Amélie: Antes se dedicar aos outros do que a um anão de jardim, comenta ela numa clara referência ao pai.
Mais adiante no filme os dois encontram-se novamente e ele lhe diz: Acho que fui muito duro com a moça do copo d´água. Ela tornou a ver o garoto com quem cruzou um outro dia?
Amélie: Não. Na verdade não se interessam pelas mesmas coisas.
Pintor: A sorte é como o Tour de France. Aguardado com ansiedade e passa tão rápido. Quando chega a hora tem que saltar sem hesitar. Diz o sr Dufayel em alusão ao circuito e chamando-a para a realidade, como que lhe dizendo: acorda Amélie, o tempo passa e você não é eterna, não tem todo o tempo do mundo...
Dando continuidade ao diálogo, temos:
Pintor: Então, é este aqui com a mão para cima?
Amelie: sim.
Pintor: Ela está apaixonada por ele?
Amélie: Sim.
Pintor: Acho que está na hora dela assumir o risco.
Amélie: Sim. Ela está pensando em um estratagema para...
Pintor: Ela gosta mesmo de estratagemas. É, nós aqui sabemos o quanto ela é ardilosa!
Amélie: Sim.
Pintor: Na verdade é um pouco covarde. Por isso não consigo captar seu olhar.

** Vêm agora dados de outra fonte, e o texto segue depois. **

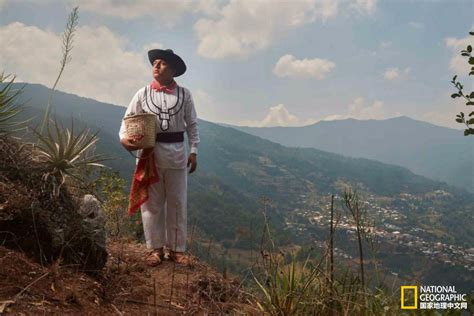 《墨西哥往事》-高清电影-完整版在线观看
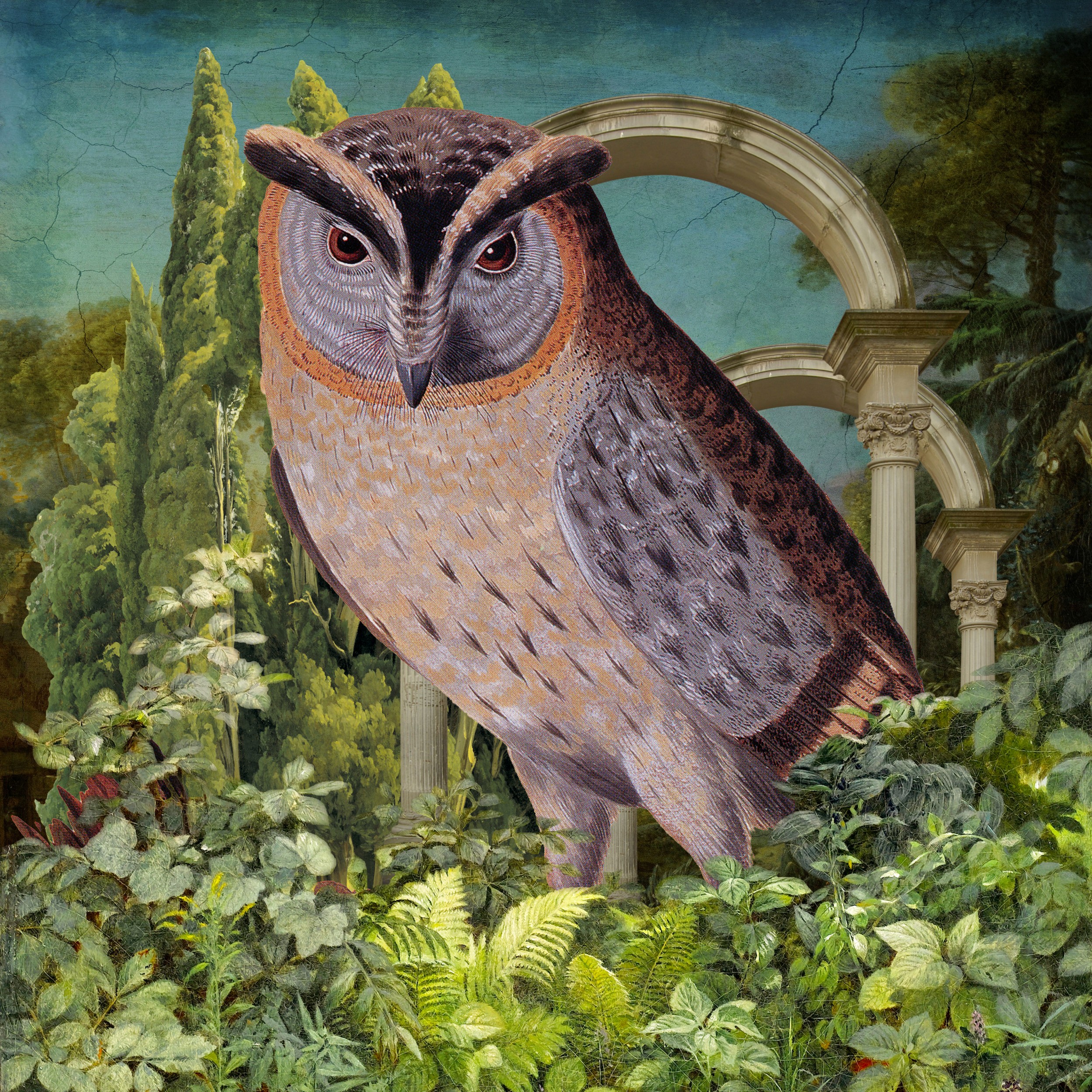 Owl in Ancient Garden by Marja van den Hurk — canvas wall art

A conversa entre os dois é encerrada. Amélie vai pensativa para casa, sentindo-se incomodada e pressionada pelo que ouviu do amigo pintor. Um tanto dominada por angústias persecutórias fantasia uma cena na TV em que um ditador, parece-me que Stalin diz: A vontade de Dufayel intervir é intolerável. Se Amélie prefere viver no sonho...e continuar uma jovem introvertida...tem todo o direito de estragar sua vida.

Após isso, em sua casa prepara um bolo, fantasiando estar acompanhada pelo Nino que foi comprar para ela o fermento que faltou. Sua fantasia não a satisfaz. Ela então se deprime e começa a chorar. Pouco antes ela já dissera em resposta a pergunta da zeladora Mado que naquele dia ela não estava acreditando em milagres. Naquele momento de dor é como se a ficha caísse (insight) e ela entrasse em contato com o vazio de sua existência. Pensei o fermento com algo que faz crescer, desabrochar, como o amor, a parceria que tempera a vida.

No momento seguinte o telefone toca e seu amigo pintor pede para ela ir até o quarto. Lá ela liga o vídeo e ouve uma mensagem que diz em tom sério, profundo e amoroso: Amélie, minha querida seus ossos não são de vidro. Você pode suportar os baques da vida. Se deixa passar essa chance... com o tempo , o seu coração vais se tornar... tão seco e quebradiço quanto meu esqueleto. Por isso, vá em frente pelo amor de Deus! (...)"

Quem ainda não assistiu, vale muito a pena ver o filme, se possível no seu idioma oficial, francês (com legendas, caso precise), para sentir ao máximo sua essência.